ACTION ITEM
Type out the records that follow, exactly as given.

RECORDS SHOWN
=== Section Start ===

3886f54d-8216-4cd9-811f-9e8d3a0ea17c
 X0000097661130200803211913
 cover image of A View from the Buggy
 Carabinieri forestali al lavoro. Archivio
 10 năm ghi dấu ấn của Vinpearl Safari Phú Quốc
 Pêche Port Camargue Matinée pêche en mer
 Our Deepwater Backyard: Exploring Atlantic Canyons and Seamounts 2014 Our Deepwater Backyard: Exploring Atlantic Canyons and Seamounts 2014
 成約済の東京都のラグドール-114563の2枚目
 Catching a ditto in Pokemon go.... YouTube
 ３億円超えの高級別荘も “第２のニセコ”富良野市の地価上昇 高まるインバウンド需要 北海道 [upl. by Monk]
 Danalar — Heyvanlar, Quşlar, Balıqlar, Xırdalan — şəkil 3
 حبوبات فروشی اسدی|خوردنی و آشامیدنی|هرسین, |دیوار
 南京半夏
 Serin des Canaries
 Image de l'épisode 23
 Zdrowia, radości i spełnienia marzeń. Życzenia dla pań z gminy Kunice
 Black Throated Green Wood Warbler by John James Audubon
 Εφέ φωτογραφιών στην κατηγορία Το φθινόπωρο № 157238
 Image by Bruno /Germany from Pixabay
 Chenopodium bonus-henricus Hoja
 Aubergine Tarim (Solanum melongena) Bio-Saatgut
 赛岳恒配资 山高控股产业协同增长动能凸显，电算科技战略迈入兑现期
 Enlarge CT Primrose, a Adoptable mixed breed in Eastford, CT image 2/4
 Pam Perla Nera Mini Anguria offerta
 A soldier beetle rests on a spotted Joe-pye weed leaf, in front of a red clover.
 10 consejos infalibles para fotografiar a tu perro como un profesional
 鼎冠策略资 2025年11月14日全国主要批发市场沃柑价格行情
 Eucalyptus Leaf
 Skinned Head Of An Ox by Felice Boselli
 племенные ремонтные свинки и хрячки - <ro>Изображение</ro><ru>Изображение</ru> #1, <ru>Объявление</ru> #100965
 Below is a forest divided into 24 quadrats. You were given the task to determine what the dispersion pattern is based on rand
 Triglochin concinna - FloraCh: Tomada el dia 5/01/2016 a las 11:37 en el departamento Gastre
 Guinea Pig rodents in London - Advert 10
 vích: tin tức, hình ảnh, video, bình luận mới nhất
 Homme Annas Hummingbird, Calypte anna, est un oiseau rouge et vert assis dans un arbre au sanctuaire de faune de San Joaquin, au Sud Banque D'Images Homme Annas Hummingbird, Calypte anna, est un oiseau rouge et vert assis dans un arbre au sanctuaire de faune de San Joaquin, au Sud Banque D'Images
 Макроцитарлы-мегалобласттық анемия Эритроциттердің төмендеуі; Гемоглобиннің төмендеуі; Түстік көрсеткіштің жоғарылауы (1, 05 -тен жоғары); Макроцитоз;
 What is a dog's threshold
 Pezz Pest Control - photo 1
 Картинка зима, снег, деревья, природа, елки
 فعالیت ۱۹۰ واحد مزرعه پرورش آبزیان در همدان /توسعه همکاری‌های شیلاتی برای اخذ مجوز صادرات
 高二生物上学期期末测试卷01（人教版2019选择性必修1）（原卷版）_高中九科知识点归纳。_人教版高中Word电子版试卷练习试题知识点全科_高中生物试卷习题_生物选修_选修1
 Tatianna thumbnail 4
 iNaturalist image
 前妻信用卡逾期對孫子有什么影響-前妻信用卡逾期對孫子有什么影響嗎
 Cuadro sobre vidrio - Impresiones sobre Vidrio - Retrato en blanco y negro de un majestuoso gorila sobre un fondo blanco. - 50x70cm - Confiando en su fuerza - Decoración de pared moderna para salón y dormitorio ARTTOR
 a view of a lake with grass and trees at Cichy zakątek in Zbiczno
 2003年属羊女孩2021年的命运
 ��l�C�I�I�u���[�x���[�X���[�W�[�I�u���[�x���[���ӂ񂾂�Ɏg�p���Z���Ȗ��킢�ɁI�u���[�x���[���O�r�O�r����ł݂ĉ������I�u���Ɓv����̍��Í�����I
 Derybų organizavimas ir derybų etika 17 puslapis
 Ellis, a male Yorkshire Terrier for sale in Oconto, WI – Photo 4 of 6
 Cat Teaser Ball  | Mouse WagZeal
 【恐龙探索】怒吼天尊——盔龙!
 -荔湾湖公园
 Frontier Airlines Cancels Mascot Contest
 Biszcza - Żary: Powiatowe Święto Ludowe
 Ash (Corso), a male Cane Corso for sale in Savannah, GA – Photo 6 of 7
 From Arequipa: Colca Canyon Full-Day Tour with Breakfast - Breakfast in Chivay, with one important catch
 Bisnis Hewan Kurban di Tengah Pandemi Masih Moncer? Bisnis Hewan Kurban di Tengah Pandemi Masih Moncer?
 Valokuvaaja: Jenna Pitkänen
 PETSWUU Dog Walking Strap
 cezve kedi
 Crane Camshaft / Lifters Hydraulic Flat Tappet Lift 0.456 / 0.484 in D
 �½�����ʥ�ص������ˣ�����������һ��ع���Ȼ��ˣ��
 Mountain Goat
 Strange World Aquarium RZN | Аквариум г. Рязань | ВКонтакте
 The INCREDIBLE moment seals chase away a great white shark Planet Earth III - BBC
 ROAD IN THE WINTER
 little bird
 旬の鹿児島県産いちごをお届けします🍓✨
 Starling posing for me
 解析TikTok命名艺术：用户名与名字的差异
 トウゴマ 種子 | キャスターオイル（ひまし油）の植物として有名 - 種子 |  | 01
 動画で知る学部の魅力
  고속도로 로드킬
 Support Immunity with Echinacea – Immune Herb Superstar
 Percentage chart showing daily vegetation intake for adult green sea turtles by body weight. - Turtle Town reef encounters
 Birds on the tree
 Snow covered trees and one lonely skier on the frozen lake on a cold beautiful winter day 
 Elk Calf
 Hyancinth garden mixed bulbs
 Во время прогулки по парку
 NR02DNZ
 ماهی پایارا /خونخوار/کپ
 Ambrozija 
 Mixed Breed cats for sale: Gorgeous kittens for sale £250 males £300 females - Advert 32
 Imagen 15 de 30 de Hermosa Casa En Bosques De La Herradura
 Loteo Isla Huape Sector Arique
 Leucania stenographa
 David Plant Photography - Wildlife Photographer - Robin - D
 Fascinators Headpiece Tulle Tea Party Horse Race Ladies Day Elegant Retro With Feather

=== Section End ===

TASK RESPONSE
3886f54d-8216-4cd9-811f-9e8d3a0ea17c
 X0000097661130200803211913
 cover image of A View from the Buggy
 Carabinieri forestali al lavoro. Archivio
 10 năm ghi dấu ấn của Vinpearl Safari Phú Quốc
 Pêche Port Camargue Matinée pêche en mer
 Our Deepwater Backyard: Exploring Atlantic Canyons and Seamounts 2014 Our Deepwater Backyard: Exploring Atlantic Canyons and Seamounts 2014
 成約済の東京都のラグドール-114563の2枚目
 Catching a ditto in Pokemon go.... YouTube
 ３億円超えの高級別荘も “第２のニセコ”富良野市の地価上昇 高まるインバウンド需要 北海道 [upl. by Monk]
 Danalar — Heyvanlar, Quşlar, Balıqlar, Xırdalan — şəkil 3
 حبوبات فروشی اسدی|خوردنی و آشامیدنی|هرسین, |دیوار
 南京半夏
 Serin des Canaries
 Image de l'épisode 23
 Zdrowia, radości i spełnienia marzeń. Życzenia dla pań z gminy Kunice
 Black Throated Green Wood Warbler by John James Audubon
 Εφέ φωτογραφιών στην κατηγορία Το φθινόπωρο № 157238
 Image by Bruno /Germany from Pixabay
 Chenopodium bonus-henricus Hoja
 Aubergine Tarim (Solanum melongena) Bio-Saatgut
 赛岳恒配资 山高控股产业协同增长动能凸显，电算科技战略迈入兑现期
 Enlarge CT Primrose, a Adoptable mixed breed in Eastford, CT image 2/4
 Pam Perla Nera Mini Anguria offerta
 A soldier beetle rests on a spotted Joe-pye weed leaf, in front of a red clover.
 10 consejos infalibles para fotografiar a tu perro como un profesional
 鼎冠策略资 2025年11月14日全国主要批发市场沃柑价格行情
 Eucalyptus Leaf
 Skinned Head Of An Ox by Felice Boselli
 племенные ремонтные свинки и хрячки - <ro>Изображение</ro><ru>Изображение</ru> #1, <ru>Объявление</ru> #100965
 Below is a forest divided into 24 quadrats. You were given the task to determine what the dispersion pattern is based on rand
 Triglochin concinna - FloraCh: Tomada el dia 5/01/2016 a las 11:37 en el departamento Gastre
 Guinea Pig rodents in London - Advert 10
 vích: tin tức, hình ảnh, video, bình luận mới nhất
 Homme Annas Hummingbird, Calypte anna, est un oiseau rouge et vert assis dans un arbre au sanctuaire de faune de San Joaquin, au Sud Banque D'Images Homme Annas Hummingbird, Calypte anna, est un oiseau rouge et vert assis dans un arbre au sanctuaire de faune de San Joaquin, au Sud Banque D'Images
 Макроцитарлы-мегалобласттық анемия Эритроциттердің төмендеуі; Гемоглобиннің төмендеуі; Түстік көрсеткіштің жоғарылауы (1, 05 -тен жоғары); Макроцитоз;
 What is a dog's threshold
 Pezz Pest Control - photo 1
 Картинка зима, снег, деревья, природа, елки
 فعالیت ۱۹۰ واحد مزرعه پرورش آبزیان در همدان /توسعه همکاری‌های شیلاتی برای اخذ مجوز صادرات
 高二生物上学期期末测试卷01（人教版2019选择性必修1）（原卷版）_高中九科知识点归纳。_人教版高中Word电子版试卷练习试题知识点全科_高中生物试卷习题_生物选修_选修1
 Tatianna thumbnail 4
 iNaturalist image
 前妻信用卡逾期對孫子有什么影響-前妻信用卡逾期對孫子有什么影響嗎
 Cuadro sobre vidrio - Impresiones sobre Vidrio - Retrato en blanco y negro de un majestuoso gorila sobre un fondo blanco. - 50x70cm - Confiando en su fuerza - Decoración de pared moderna para salón y dormitorio ARTTOR
 a view of a lake with grass and trees at Cichy zakątek in Zbiczno
 2003年属羊女孩2021年的命运
 ��l�C�I�I�u���[�x���[�X���[�W�[�I�u���[�x���[���ӂ񂾂�Ɏg�p���Z���Ȗ��킢�ɁI�u���[�x���[���O�r�O�r����ł݂ĉ������I�u���Ɓv����̍��Í�����I
 Derybų organizavimas ir derybų etika 17 puslapis
 Ellis, a male Yorkshire Terrier for sale in Oconto, WI – Photo 4 of 6
 Cat Teaser Ball  | Mouse WagZeal
 【恐龙探索】怒吼天尊——盔龙!
 -荔湾湖公园
 Frontier Airlines Cancels Mascot Contest
 Biszcza - Żary: Powiatowe Święto Ludowe
 Ash (Corso), a male Cane Corso for sale in Savannah, GA – Photo 6 of 7
 From Arequipa: Colca Canyon Full-Day Tour with Breakfast - Breakfast in Chivay, with one important catch
 Bisnis Hewan Kurban di Tengah Pandemi Masih Moncer? Bisnis Hewan Kurban di Tengah Pandemi Masih Moncer?
 Valokuvaaja: Jenna Pitkänen
 PETSWUU Dog Walking Strap
 cezve kedi
 Crane Camshaft / Lifters Hydraulic Flat Tappet Lift 0.456 / 0.484 in D
 �½�����ʥ�ص������ˣ�����������һ��ع���Ȼ��ˣ��
 Mountain Goat
 Strange World Aquarium RZN | Аквариум г. Рязань | ВКонтакте
 The INCREDIBLE moment seals chase away a great white shark Planet Earth III - BBC
 ROAD IN THE WINTER
 little bird
 旬の鹿児島県産いちごをお届けします🍓✨
 Starling posing for me
 解析TikTok命名艺术：用户名与名字的差异
 トウゴマ 種子 | キャスターオイル（ひまし油）の植物として有名 - 種子 |  | 01
 動画で知る学部の魅力
  고속도로 로드킬
 Support Immunity with Echinacea – Immune Herb Superstar
 Percentage chart showing daily vegetation intake for adult green sea turtles by body weight. - Turtle Town reef encounters
 Birds on the tree
 Snow covered trees and one lonely skier on the frozen lake on a cold beautiful winter day 
 Elk Calf
 Hyancinth garden mixed bulbs
 Во время прогулки по парку
 NR02DNZ
 ماهی پایارا /خونخوار/کپ
 Ambrozija 
 Mixed Breed cats for sale: Gorgeous kittens for sale £250 males £300 females - Advert 32
 Imagen 15 de 30 de Hermosa Casa En Bosques De La Herradura
 Loteo Isla Huape Sector Arique
 Leucania stenographa
 David Plant Photography - Wildlife Photographer - Robin - D
 Fascinators Headpiece Tulle Tea Party Horse Race Ladies Day Elegant Retro With Feather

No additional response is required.